Tons of goods are stuck around the Middle East amid shipping and air chaos

Global supply chains are on edge after the US and Israel launched military strikes on Iran on Saturday, triggering widespread disruption across one of the world’s most critical trade corridors.

The fallout is hitting more than oil tankers moving through the Strait of Hormuz.

Container ships loaded with consumer goods, auto parts, electronics, and food are being rerouted or delayed, while air cargo networks are fracturing under sudden airspace closures.

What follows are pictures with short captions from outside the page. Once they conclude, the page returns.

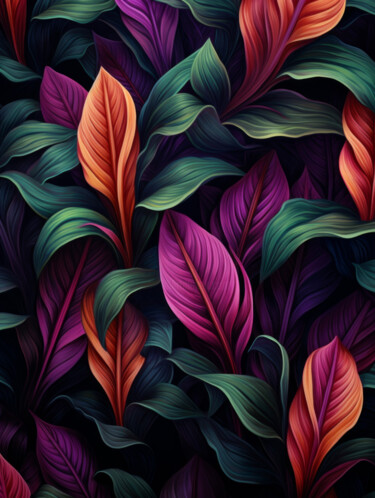 Digitale Kunst mit dem Titel "Colourful Leaves 3" von Bilge Paksoylu, Original-Kunstwerk, KI-generiertes Bild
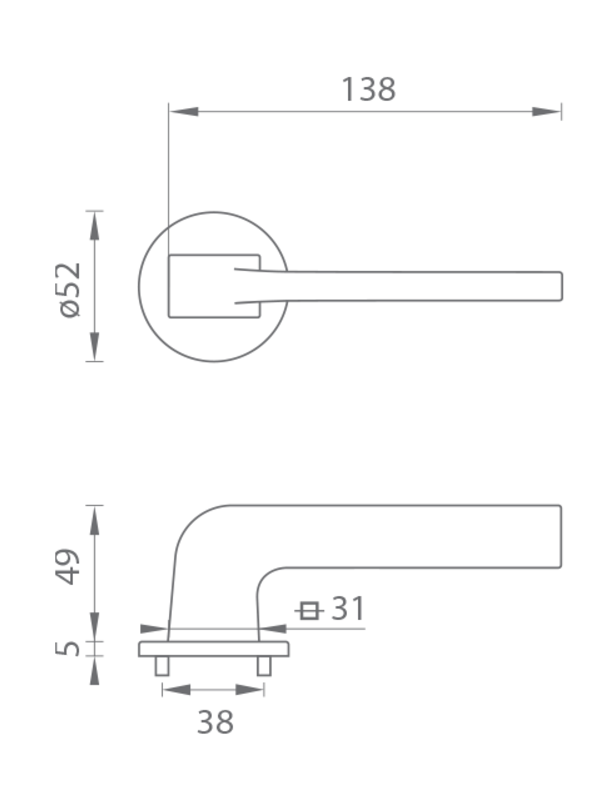 MP Kování - TI SUPRA R 3097 5S - NP Nikl perla - Klika s kulatou rozetou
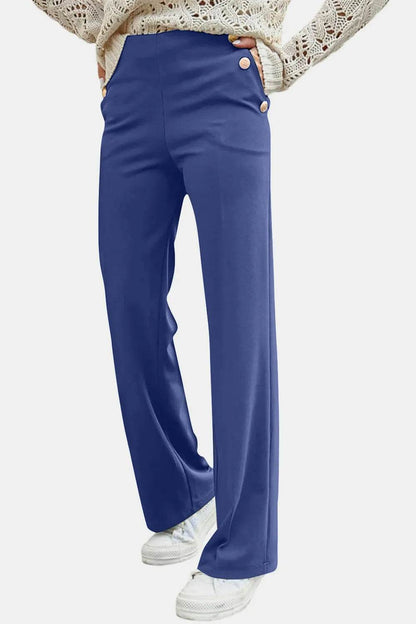 Decorative Button High Rise Pants Trendsi c988c43a-52b5-4f65-b285-1abc43098cdc-Max
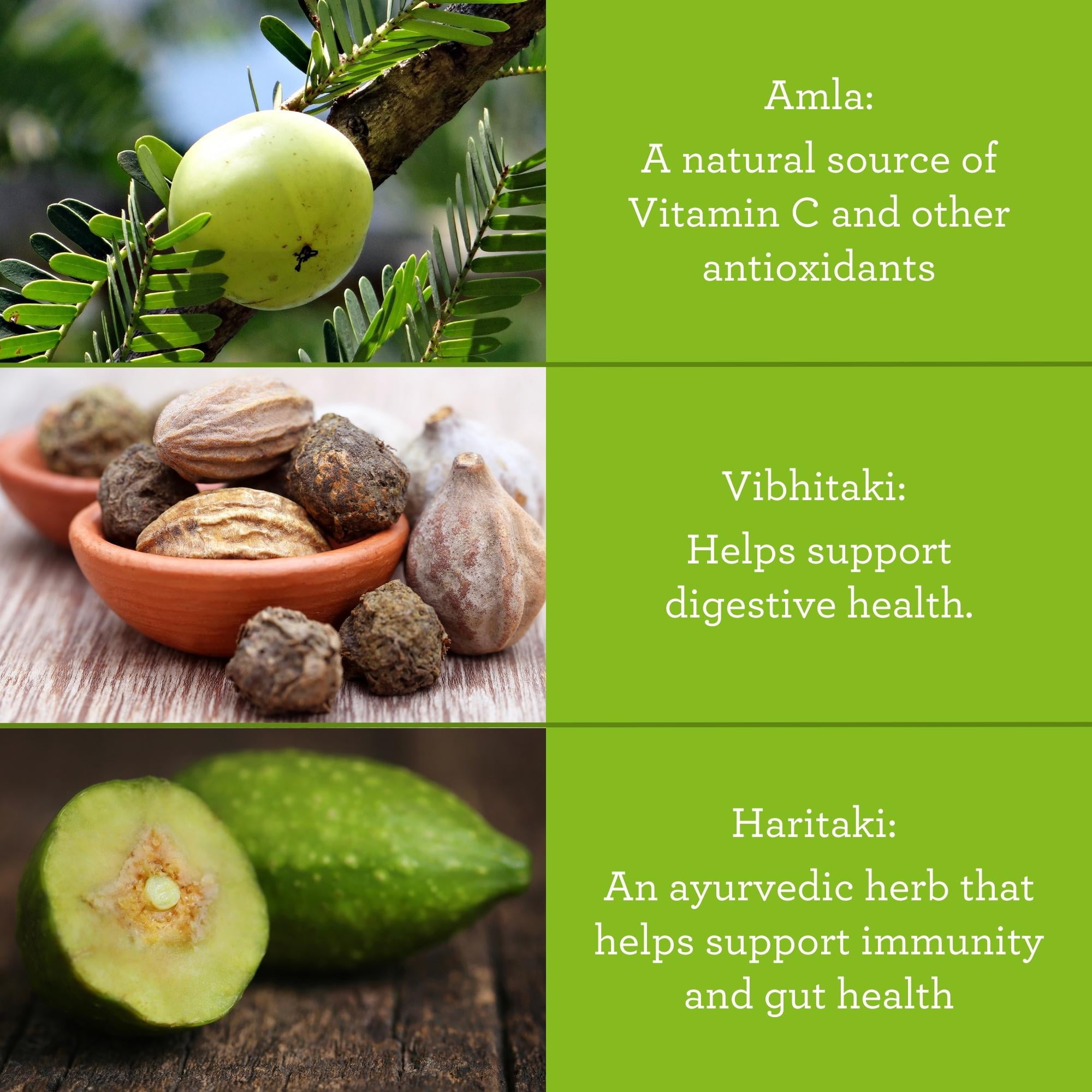 GuruNanda Triphala Digestive Supplement with Amla, Vibhitaki & Haritaki - 500mg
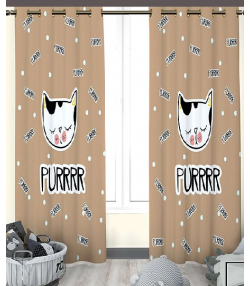 پرده نوپه هوم Nope Home مدل مخمل پانچی طرح گربه کارتونی سایز 140x280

“Ocean container services in the Persian Gulf have continued unaffected by the recent build-up of military forces in the region, but the escalation in conflict through military strikes means ships will now avoid the area, but for as short a time as possible,” said Peter Sand, the chief analyst at freight-rate analytics platform Xeneta.

On Sunday, MSC — the world’s largest container shipping line by capacity — said it had suspended all bookings for cargo to the Middle East until further notice.

Danish shipping giant Maersk paused Red Sea and Suez Canal sailings amid fears the Iran escalation could spill over into key shipping lanes. The company is rerouting vessels around the Cape of Good Hope in South Africa.

French shipping giant CMA CGM announced Monday it will impose an “Emergency Conflict Surcharge” effective Monday, citing rising security risks. The surcharge will add between $2,000 and $4,000 per container on shipments to and from Gulf and Red Sea countries.

On Saturday, CMA CGM ordered vessels inside or bound for the Gulf to “proceed to shelter.” It also suspended sailings through the Suez Canal and rerouted ships to the Cape of Good Hope.

German shipping giant Hapag-Lloyd introduced a $1,500 per standard container war risk surcharge and suspended vessel transits through the Strait of Hormuz.

Sailing around Africa, rather than through the Suez Canal, absorbs roughly 2.5 million 20-foot container units’ worth of global container capacity, according to Xeneta’s Sand.

Read more about the US-Iran conflict

Air cargo rates may rise

Air freight is also under strain.

Several Middle Eastern airspaces have been closed or restricted, disrupting passenger and cargo flights.

Parcel delivery giant FedEx suspended flights to and from markets including Bahrain, Israel, Qatar, Saudi Arabia, Kuwait, and the UAE, and halted pickup and delivery services in several Gulf countries.

Qatar Airways Cargo temporarily suspended operations due to the closure of Qatari airspace.

DSV, a Danish logistics company, said in an advisory that airspace restrictions are forcing carriers to suspend services or divert flights and lengthen routings.

With less cargo space available on key Asia-Europe and Middle East routes, air freight rates are likely to rise, space will tighten, and airlines may make short-notice schedule and pricing changes, according to DSV.

Ryan Petersen, the CEO of Flexport, wrote on X that conflict in the Middle East has removed 18% of global air freight capacity from the market.

If carriers begin omitting Gulf port calls, containers may be discharged at alternative hubs and trucked onward, wrote Xeneta’s Sand.

The broader concern, however, is what the escalation means for global trade flows through the Red Sea this year. The conflict comes after more than two years of disruption caused by Iran-backed Houthi attacks on commercial shipping.

“The repercussions of the joint military operation by the US and Israel against Iran and subsequent retaliatory action will see the further weaponization of trade and shatter hopes of a large-scale return of container shipping to the Red Sea in 2026,” wrote Sand.